RAISING a child involves a particular intensity of attachment — and also an appropriate detachment; for love demands a willingness to let the child’s unique character and calling emerge. This is exemplified in the story of the child Jesus in the Temple.
The Jewish law required all male Israelites from the age of 13 to attend the Temple for the feasts of Passover, Weeks (Pentecost), and Tabernacles. The decision of his parents to bring the 12-year-old Jesus to Jerusalem to celebrate the Passover is revealing. It indicates the conscientious and faithful manner in which they nurtured the child entrusted to them by God. But the fact that Jesus was moving freely in the wider group of pilgrims “illustrates very beautifully that in the holy family, freedom and obedience were combined in a healthy manner”.
The young Jesus seems to have been allowed to spend time with friends and children of his own age, meaning that it took some time for his absence to be noticed (Benedict XVI, Jesus of Nazareth: The infancy narratives). The Blessed Virgin and Joseph care deeply for Jesus, but they are not over-possessive.
When Jesus is found, Mary expresses the “great anxiety” that she and Joseph felt in terms that will resonate with any parent.
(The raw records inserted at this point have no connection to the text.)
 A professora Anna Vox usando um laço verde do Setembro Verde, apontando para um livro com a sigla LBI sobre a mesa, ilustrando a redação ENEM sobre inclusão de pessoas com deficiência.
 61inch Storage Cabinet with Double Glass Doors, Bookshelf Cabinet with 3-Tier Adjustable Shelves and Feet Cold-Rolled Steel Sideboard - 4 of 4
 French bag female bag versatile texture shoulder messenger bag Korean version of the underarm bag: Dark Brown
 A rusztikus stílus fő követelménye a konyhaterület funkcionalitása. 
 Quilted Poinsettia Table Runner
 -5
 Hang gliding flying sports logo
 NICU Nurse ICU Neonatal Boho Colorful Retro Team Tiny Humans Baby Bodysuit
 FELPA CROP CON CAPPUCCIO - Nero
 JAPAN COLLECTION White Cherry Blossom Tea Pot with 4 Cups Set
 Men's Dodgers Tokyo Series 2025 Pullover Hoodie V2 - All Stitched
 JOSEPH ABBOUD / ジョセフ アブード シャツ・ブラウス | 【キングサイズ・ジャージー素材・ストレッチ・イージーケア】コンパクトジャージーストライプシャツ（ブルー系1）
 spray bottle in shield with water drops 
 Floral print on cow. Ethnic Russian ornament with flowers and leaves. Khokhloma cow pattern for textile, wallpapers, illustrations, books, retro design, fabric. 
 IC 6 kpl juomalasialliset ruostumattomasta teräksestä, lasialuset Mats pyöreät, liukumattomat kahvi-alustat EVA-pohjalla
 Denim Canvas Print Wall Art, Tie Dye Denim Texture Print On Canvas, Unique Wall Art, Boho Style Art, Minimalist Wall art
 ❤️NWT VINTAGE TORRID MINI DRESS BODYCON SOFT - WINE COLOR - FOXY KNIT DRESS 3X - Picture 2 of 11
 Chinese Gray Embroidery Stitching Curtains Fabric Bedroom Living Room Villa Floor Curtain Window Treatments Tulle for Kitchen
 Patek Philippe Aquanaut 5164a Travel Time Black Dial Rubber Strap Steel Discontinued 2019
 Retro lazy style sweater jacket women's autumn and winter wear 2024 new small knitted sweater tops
Jesus’s response is surprise: “Did you not know that I must be in my Father’s house?” The “must” (“dei”) is the same verb that he later uses to describe the necessity of his suffering and death (cf. Mark 8.31). This necessity flows from the completeness of Jesus’s union with the will of his Father in heaven. Once his earthly parents’ anxiety has been expressed, we are told, he “went down with them and came to Nazareth, and was obedient to them”.
For the second time in the infancy narrative, Luke tells us that Mary “treasures” the events in which she is involved “in her heart”. There is much for her to contemplate and ponder, as Simeon has already warned her that a sword will pierce her heart (Luke 2.35). Her son’s unexpected tarrying in the Temple foreshadows the separation that will occur as he begins his adult ministry.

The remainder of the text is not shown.